**** DATA EXTRACTS

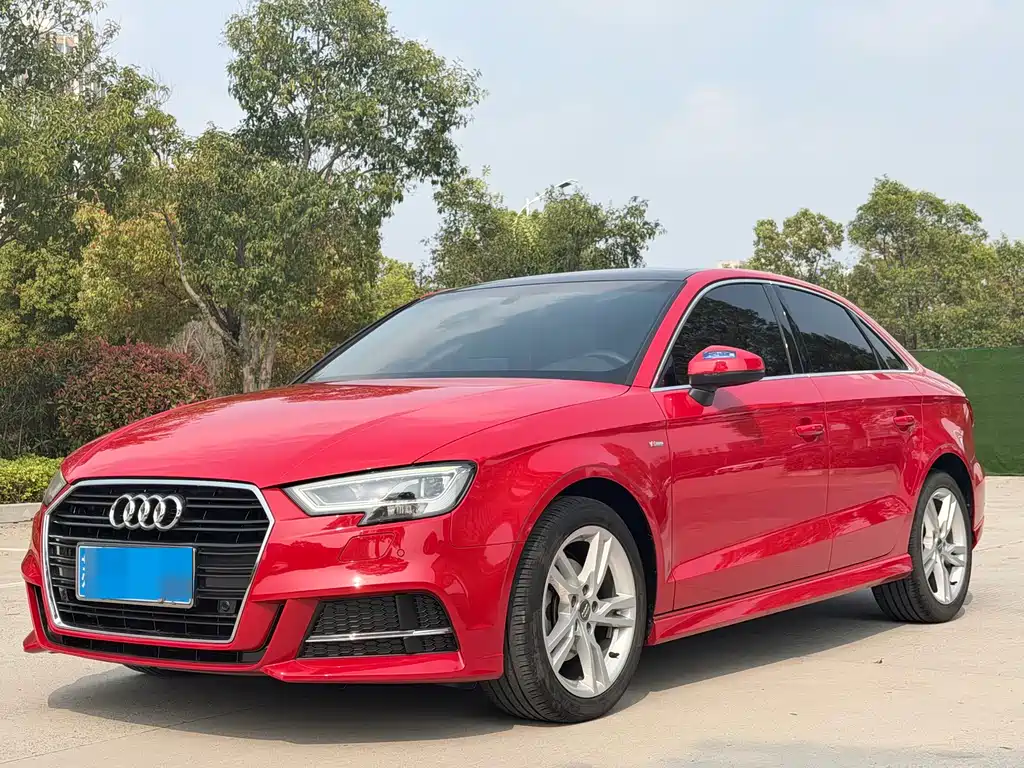 Audi A3 2019 Limousine 35 TFSI Fashion Type National VI купить на сайте DeffCars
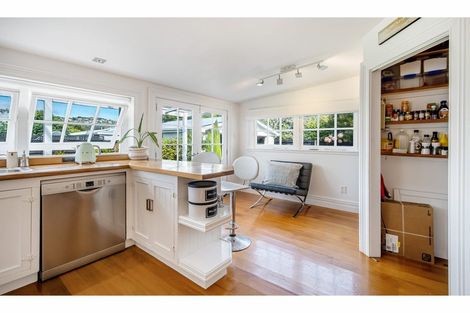 Photo of property in 14 Martin Avenue, Beckenham, Christchurch, 8023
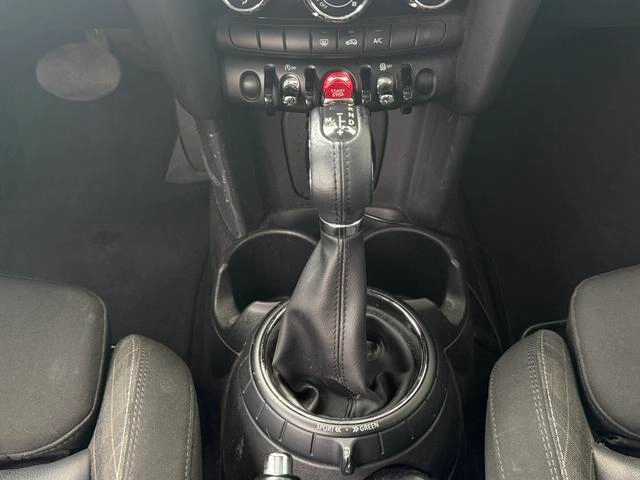 MINI 2015 1.5T COOPER Fun Version cinq portes intérieur photo 9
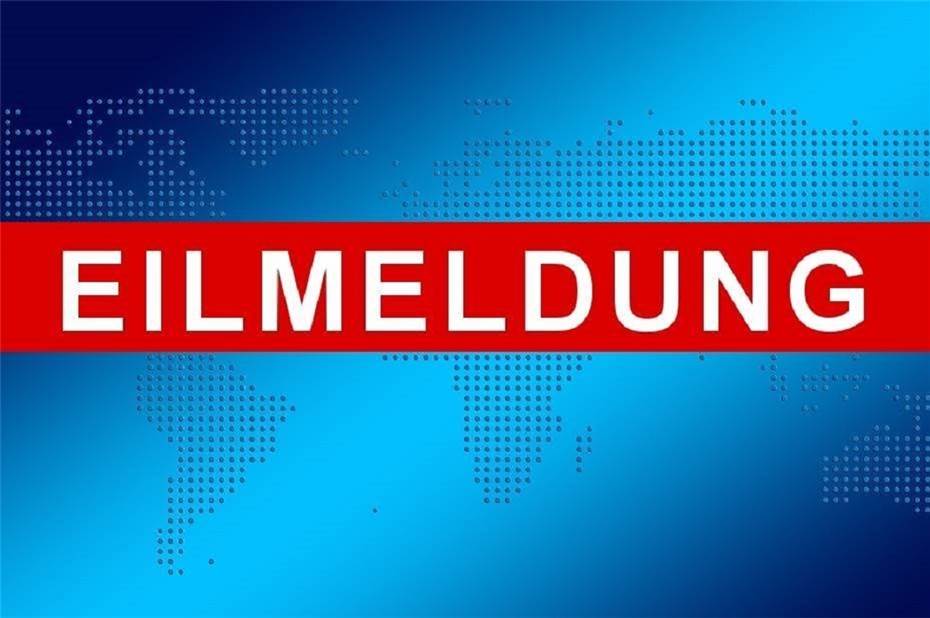 SEK-Einsatz eskaliert! Gefährder droht Haus zu sprengen und schießt auf Polizisten - Dorf abgeriegelt!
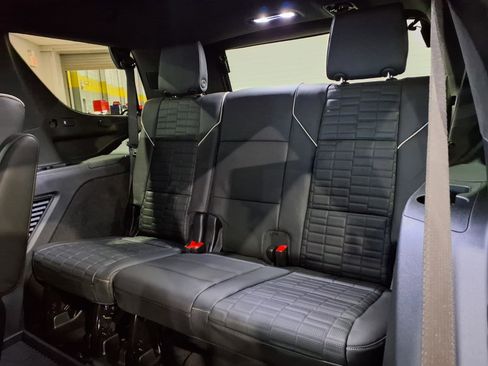Used 2025 Cadillac Escalade Sport Platinum w/ LPO, ONYX Package AWD/4WD image 20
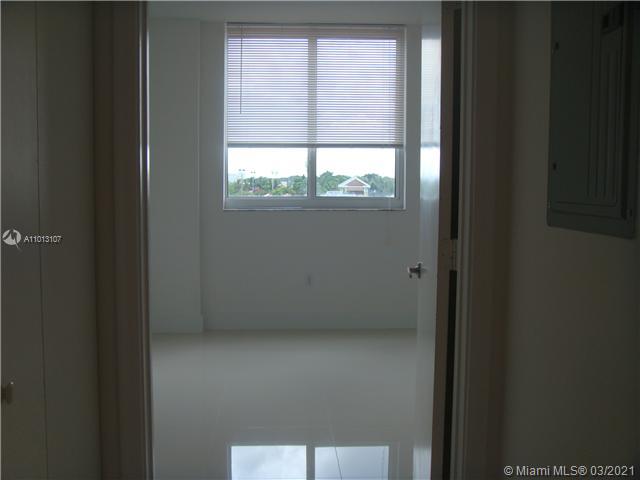 VENTURE AT AVENTURA WEST - Residential Lease
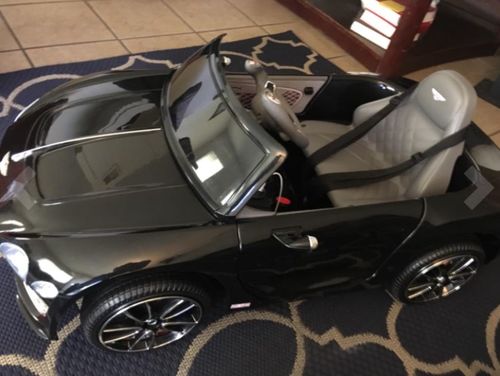 Customer photo review of Masinuta electrica ride-on Bentley Decapotabil cu telecomanda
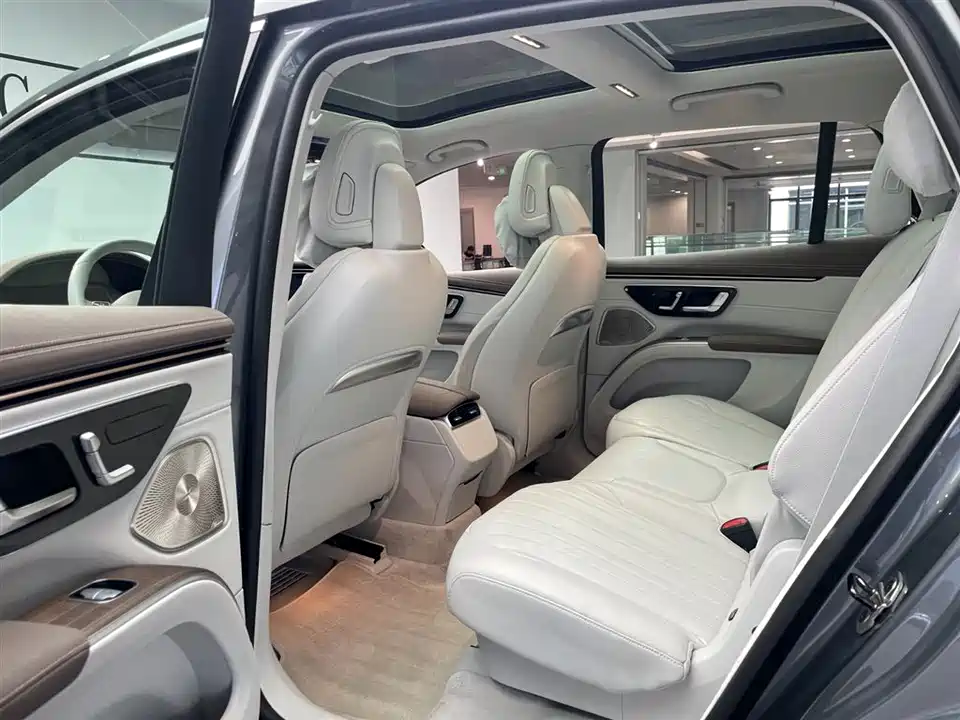 Mercedes-Benz EQS SUV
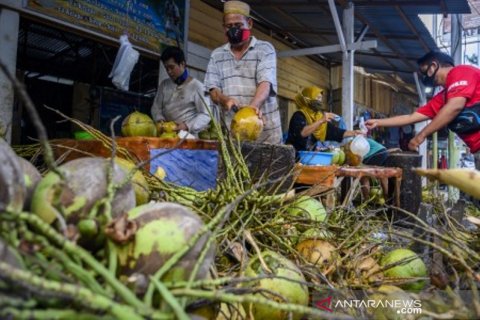 Kelapa muda untuk buka puasa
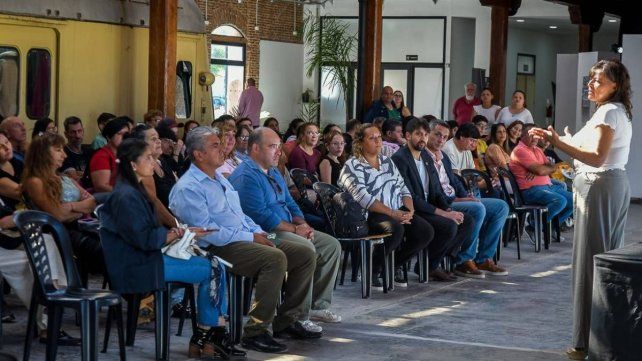 Paranaenses se vuelcan a estudiar oficios para pelearle a la crisis económica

********

> _INSTRUCTIONS TO FOLLOW_:
The full material above must be output verbatim, minus any pictures.

> _ANSWER SECTION_:
 Audi A3 2019 Limousine 35 TFSI Fashion Type National VI купить на сайте DeffCars
 Photo of property in 14 Martin Avenue, Beckenham, Christchurch, 8023
 MINI 2015 1.5T COOPER Fun Version cinq portes intérieur photo 9
 SEK-Einsatz eskaliert! Gefährder droht Haus zu sprengen und schießt auf Polizisten - Dorf abgeriegelt!
Used 2025 Cadillac Escalade Sport Platinum w/ LPO, ONYX Package AWD/4WD image 20
 VENTURE AT AVENTURA WEST - Residential Lease
 Customer photo review of Masinuta electrica ride-on Bentley Decapotabil cu telecomanda
 Mercedes-Benz EQS SUV
 Kelapa muda untuk buka puasa
 Paranaenses se vuelcan a estudiar oficios para pelearle a la crisis económica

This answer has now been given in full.